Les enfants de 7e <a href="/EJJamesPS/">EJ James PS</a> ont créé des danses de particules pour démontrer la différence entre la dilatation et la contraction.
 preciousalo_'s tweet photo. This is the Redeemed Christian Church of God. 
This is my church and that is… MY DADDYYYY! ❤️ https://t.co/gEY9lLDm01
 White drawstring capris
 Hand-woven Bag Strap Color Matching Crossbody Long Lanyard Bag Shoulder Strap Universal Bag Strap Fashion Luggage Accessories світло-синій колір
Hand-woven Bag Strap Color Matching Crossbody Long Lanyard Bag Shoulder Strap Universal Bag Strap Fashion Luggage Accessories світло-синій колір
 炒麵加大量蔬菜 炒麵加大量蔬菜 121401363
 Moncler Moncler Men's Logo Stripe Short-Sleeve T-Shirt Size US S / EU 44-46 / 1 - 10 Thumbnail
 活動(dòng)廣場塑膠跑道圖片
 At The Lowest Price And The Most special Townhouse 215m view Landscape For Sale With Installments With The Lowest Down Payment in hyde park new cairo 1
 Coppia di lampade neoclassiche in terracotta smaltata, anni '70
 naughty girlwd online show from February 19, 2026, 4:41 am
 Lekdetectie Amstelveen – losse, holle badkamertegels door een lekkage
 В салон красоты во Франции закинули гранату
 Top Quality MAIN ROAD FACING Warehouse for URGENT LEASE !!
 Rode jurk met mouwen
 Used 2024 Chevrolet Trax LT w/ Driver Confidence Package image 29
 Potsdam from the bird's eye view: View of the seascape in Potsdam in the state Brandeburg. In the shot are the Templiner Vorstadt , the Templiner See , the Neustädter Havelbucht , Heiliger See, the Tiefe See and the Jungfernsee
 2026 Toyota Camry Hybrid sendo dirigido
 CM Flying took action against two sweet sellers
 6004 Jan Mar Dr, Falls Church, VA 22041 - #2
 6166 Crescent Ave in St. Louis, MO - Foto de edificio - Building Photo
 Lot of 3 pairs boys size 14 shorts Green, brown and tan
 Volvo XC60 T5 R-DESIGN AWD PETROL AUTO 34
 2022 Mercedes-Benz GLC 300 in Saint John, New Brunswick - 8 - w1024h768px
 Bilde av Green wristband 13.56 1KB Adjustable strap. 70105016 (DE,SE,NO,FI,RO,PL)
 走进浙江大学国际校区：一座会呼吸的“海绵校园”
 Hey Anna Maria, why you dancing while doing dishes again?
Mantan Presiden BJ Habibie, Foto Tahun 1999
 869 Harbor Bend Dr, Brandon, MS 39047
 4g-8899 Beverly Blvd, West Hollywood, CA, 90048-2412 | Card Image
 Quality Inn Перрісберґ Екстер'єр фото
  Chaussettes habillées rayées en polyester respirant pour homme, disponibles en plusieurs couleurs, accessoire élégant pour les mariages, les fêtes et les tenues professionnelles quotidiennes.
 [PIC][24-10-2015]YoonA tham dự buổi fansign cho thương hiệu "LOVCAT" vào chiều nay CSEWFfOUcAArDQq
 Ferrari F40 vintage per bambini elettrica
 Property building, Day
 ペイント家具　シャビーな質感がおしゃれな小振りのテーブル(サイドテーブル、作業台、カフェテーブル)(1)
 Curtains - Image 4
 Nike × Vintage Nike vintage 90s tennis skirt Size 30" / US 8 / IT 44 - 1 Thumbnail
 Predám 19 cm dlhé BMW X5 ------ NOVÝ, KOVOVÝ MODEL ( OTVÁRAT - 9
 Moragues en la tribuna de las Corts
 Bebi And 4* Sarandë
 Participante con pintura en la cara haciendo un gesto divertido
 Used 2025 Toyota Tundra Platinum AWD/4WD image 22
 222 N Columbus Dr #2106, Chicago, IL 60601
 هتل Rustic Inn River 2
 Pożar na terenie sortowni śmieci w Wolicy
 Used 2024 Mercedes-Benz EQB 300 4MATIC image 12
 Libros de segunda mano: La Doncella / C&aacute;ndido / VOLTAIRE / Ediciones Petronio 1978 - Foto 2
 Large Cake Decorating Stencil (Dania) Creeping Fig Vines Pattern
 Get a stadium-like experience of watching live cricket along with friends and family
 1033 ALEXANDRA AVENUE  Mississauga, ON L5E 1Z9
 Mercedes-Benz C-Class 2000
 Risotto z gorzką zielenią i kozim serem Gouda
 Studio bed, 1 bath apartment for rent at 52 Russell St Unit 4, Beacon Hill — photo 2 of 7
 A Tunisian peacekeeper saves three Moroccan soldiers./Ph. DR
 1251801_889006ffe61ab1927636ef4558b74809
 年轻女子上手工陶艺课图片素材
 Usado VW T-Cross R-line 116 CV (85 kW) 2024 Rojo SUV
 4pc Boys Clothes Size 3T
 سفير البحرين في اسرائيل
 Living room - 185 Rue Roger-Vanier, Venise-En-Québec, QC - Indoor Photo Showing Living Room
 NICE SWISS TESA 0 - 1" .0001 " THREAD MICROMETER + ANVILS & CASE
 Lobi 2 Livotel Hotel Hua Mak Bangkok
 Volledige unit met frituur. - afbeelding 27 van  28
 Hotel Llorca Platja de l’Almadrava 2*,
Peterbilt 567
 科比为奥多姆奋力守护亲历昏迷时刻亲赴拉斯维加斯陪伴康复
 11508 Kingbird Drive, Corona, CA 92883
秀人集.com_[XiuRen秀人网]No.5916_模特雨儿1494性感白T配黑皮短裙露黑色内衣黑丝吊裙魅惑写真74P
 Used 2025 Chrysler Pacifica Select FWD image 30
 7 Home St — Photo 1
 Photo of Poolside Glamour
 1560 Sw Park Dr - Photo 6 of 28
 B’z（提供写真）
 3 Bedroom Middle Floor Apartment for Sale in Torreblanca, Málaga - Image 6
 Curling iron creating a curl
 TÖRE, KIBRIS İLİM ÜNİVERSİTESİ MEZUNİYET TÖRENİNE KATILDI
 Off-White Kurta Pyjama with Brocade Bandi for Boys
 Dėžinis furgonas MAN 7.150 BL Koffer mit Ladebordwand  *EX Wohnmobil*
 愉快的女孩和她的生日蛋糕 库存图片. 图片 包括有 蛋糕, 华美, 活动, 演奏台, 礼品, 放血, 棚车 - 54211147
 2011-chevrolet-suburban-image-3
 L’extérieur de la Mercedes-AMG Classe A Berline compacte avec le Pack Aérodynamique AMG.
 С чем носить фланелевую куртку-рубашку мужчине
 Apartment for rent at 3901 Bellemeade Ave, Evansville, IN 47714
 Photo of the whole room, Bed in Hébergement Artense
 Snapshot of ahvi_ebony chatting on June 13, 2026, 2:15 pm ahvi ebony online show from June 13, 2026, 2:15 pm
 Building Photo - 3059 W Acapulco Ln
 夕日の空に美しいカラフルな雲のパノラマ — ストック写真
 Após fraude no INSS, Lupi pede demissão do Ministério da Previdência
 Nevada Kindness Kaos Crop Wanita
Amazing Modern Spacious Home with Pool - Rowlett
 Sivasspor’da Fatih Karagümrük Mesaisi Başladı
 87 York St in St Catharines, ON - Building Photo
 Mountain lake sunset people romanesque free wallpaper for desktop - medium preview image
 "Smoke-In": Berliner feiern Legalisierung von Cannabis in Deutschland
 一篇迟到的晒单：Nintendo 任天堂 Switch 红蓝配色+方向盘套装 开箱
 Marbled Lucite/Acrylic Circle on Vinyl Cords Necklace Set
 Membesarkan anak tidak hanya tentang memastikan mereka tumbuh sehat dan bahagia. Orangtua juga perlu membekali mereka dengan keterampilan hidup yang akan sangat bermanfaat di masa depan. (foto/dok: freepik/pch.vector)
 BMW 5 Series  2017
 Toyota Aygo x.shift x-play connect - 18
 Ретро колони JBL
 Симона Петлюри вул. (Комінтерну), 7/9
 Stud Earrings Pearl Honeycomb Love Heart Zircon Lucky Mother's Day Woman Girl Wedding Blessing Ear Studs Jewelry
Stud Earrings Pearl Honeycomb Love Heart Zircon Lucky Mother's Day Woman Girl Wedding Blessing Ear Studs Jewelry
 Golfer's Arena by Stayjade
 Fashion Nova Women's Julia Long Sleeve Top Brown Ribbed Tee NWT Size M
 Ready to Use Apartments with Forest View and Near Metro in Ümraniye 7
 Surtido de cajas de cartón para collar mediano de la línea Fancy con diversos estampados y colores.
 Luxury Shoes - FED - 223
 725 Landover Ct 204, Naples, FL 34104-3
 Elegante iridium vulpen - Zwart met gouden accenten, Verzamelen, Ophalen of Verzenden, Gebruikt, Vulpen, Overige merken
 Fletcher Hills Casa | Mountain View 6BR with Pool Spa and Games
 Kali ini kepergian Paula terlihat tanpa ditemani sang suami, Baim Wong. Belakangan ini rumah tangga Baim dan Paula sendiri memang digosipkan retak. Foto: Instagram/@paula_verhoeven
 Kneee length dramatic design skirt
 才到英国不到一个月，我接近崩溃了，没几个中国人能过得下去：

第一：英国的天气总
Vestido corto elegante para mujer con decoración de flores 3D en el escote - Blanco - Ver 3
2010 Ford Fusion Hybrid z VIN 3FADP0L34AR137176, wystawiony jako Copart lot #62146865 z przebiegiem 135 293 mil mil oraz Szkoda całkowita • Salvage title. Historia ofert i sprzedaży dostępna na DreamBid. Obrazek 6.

= = = = = = =

YOUR OBJECTIVE -
An exact, complete copy of the lines above from the one with "Curling iron creating a curl" through the one with "愉快的女孩和她的生日蛋糕 库存图片. 图片" is the whole answer.

EXERCISE ANSWER -
 Curling iron creating a curl
 TÖRE, KIBRIS İLİM ÜNİVERSİTESİ MEZUNİYET TÖRENİNE KATILDI
 Off-White Kurta Pyjama with Brocade Bandi for Boys
 Dėžinis furgonas MAN 7.150 BL Koffer mit Ladebordwand  *EX Wohnmobil*
 愉快的女孩和她的生日蛋糕 库存图片. 图片 包括有 蛋糕, 华美, 活动, 演奏台, 礼品, 放血, 棚车 - 54211147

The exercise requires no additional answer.